2,Entertainment,They say you never forget your first. Tri-city...
3,Entertainment,It was in the year 1968 when the Beatles were...


### Cleaning Text

In [5]:
lemmatizer=WordNetLemmatizer() #For words Lemmatization
stop_words=set(stopwords.words('english'))

In [7]:
def TokenizeText(text):
    ''' 
     Tokenizes text by removing various stopwords and lemmatizing them
    '''
    text=str(text)
    text=text.lower()
    text=re.sub('[^A-Za-z0-9\s]+', '', text)
    word_list=word_tokenize(text)
    word_list_final=[]
    for word in word_list:
        if word not in stop_words:
            word_list_final.append(lemmatizer.lemmatize(word))
    return " ".join(word_list_final)

In [8]:
%%time
train_dataframe.Article = train_dataframe.Article.apply(TokenizeText)
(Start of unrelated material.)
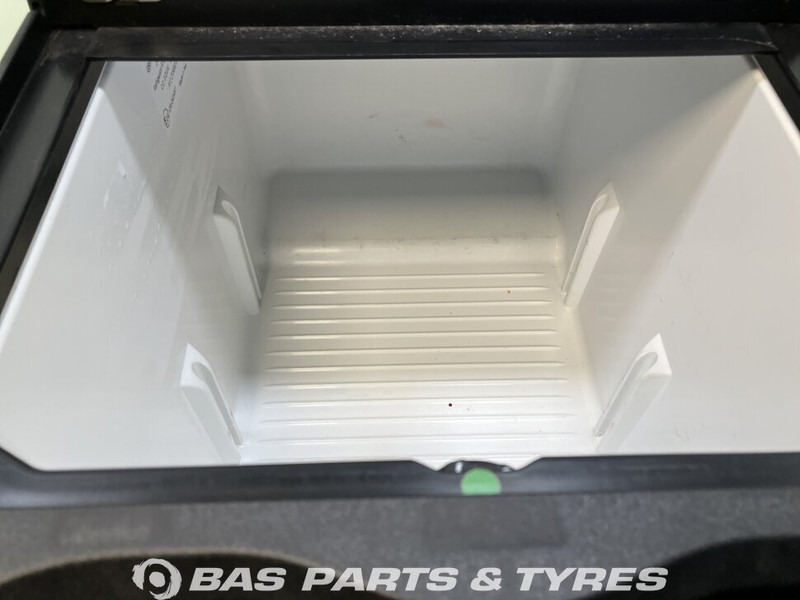 DAF XG Koelkast DAF 35 Liter 2318729 - Spare parts for Truck: picture 3 DAF XG Koelkast DAF 35 Liter 2318729 - Spare parts for Truck: picture 3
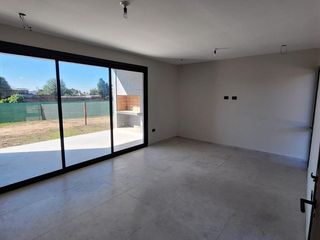 Foto 2 de Casa en  venta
CPU times: user 6.71 s, sys: 68.7 ms, total: 6.78 s
Wall time: 7.18 s


In [9]:
test_dataframe.Article = test_dataframe.Article.apply(TokenizeText)

In [10]:
train_dataframe.head(2)

Unnamed: 0,Category,Article
0,Entertainment,dash stand comedy lot improvisation ton audien...
1,Entertainment,actor tamannaah bhatia excited signed acclaime...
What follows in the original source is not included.